S2 help!! Poisson and discrete variablesWatch
5) The number of telephone calls received, during an 8-hour period, by an IT company that request an urgent visit by an engineer may be modelled by a Poisson distribution with a mean of 7 .
The IT company has 4 engineers available for urgent visits and it may be assumed that each of these engineers takes exactly 1 hour for each such visit.
At 10 am on a particular day, all 4 engineers are available for urgent visits.
(i) State the maximum possible number of telephone calls received between 10 am and 11 am that request an urgent visit and for which an engineer is immediately available.

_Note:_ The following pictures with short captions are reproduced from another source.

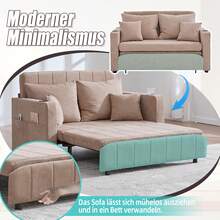 Multifunktionales Stoffsofa Klappbares Ausziehsofa Kleines Wohnzimmersofa mit zwei Funktionen Abnehmbar und waschbar Mit Aufbewahrungstasche Mit USB-Ladefunktion Mit Becherhalter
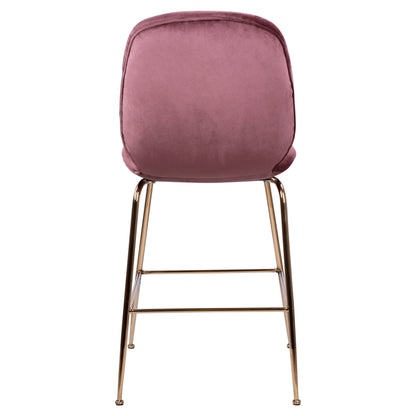 Medium Height Stool Hm8524.02 Velvet Dusty Pink & Gold Metal Frame 48x61x103 Cm.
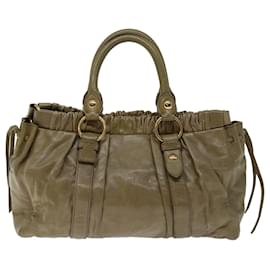 Miu Miu-Miu Miu Hand Bag Leather Beige Auth bs12609-Beige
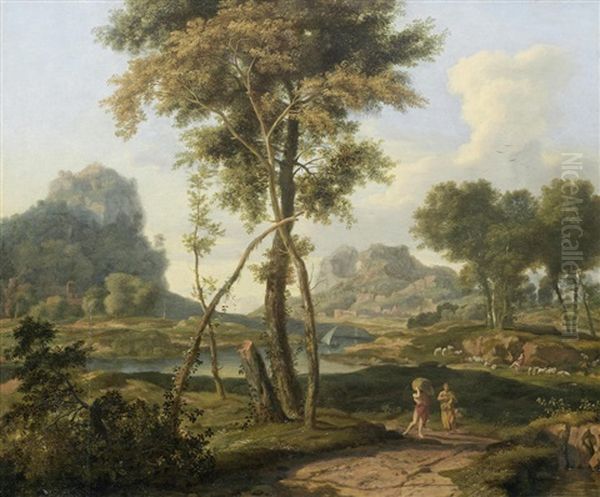 An Arcadian River Landscape With Travellers On A Path - view 1
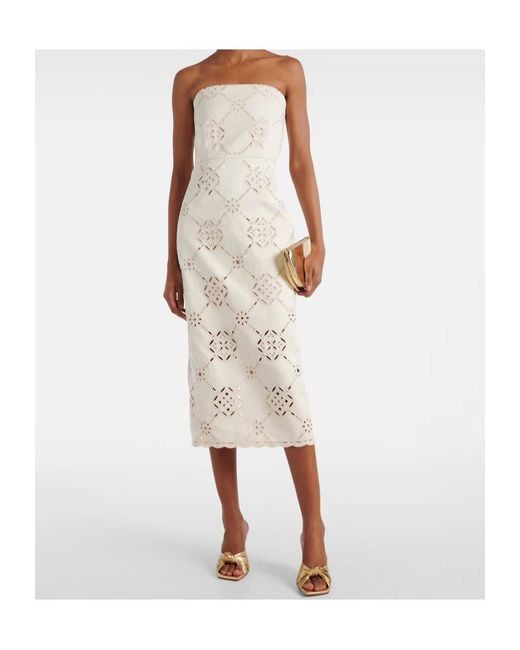 Veronica Beard White Nettia Embroidered Cotton Midi Dress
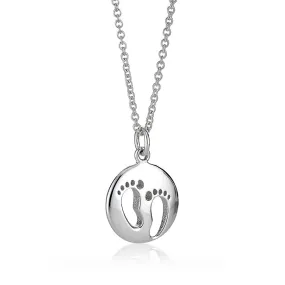 Sterling Silver Baby Feet Token Necklace X40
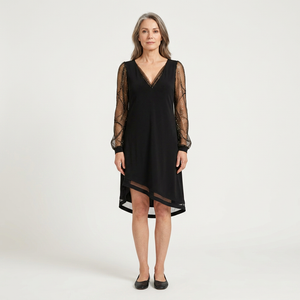 Skylar - V-Neck Midi Dress With Sheer Glitter Sleeves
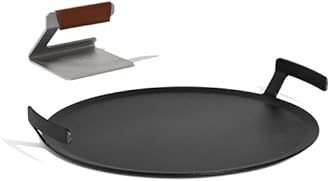 Made In Cookware - Seasoned 17" Round Carbon Steel Griddle + Grill Press - (Like Cast Iron, but Better) - Professional Cookware - Crafted in Sweden - Induction Compatible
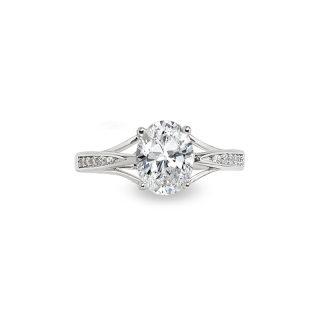 Stříbrný rhodiovaný prsten Princess Oval Zirconia se zirkonem Swarovski - White
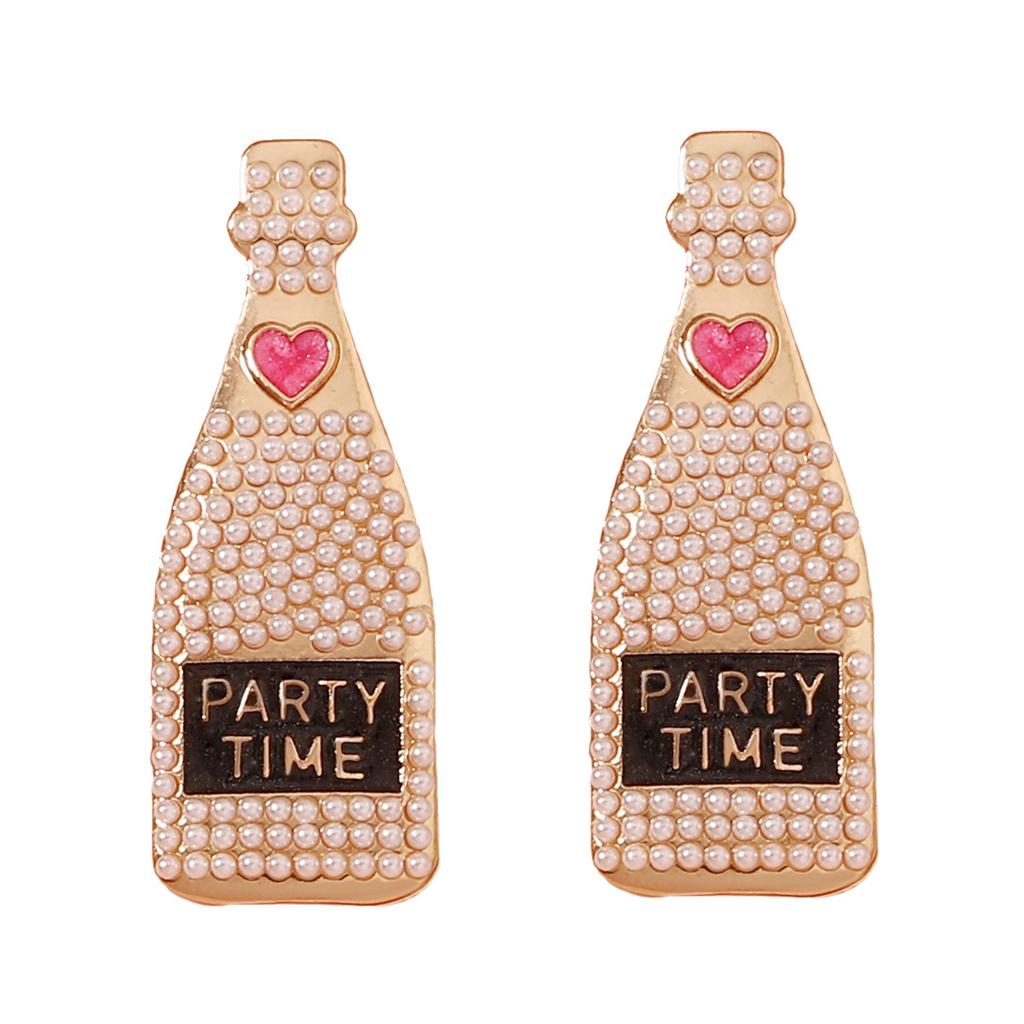 European and American New Fashion Personalized Small Fragrant Wind Geometric Wine Bottle Alloy Dripping Oil Love Diamond Pearl Earrings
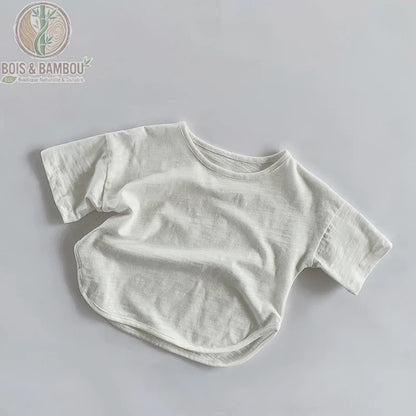 T-shirt coton bambou enfant coloris gris clair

(ii) Calculate the probability that at 11 am an engineer will not be immediately available to make an urgent visit
Obviously part i) is 4 however part ii) is confusing me. In my head it is asking for the probability that all 4 engineers are called out in the hour before 11am so that none are available at 11am. So I calculated
P(X=4) = e^0.875 x (0.875^4/4!) = 0.0102
but the mark scheme disagrees and I can't figure out where it's coming from.
Also, question 6) b) iii) http://filestore.aqa.org.uk/subjects...W-QP-JUN10.PDF (can't figure out how to copy and paste the tables)
I can do the rest of the question but these 'given that' probabilities confuse me when they have probabilities within them. Help please?
Mark scheme is here: http://filestore.aqa.org.uk/subjects...W-MS-JUN10.PDF
I'm also stuck on a similar q haha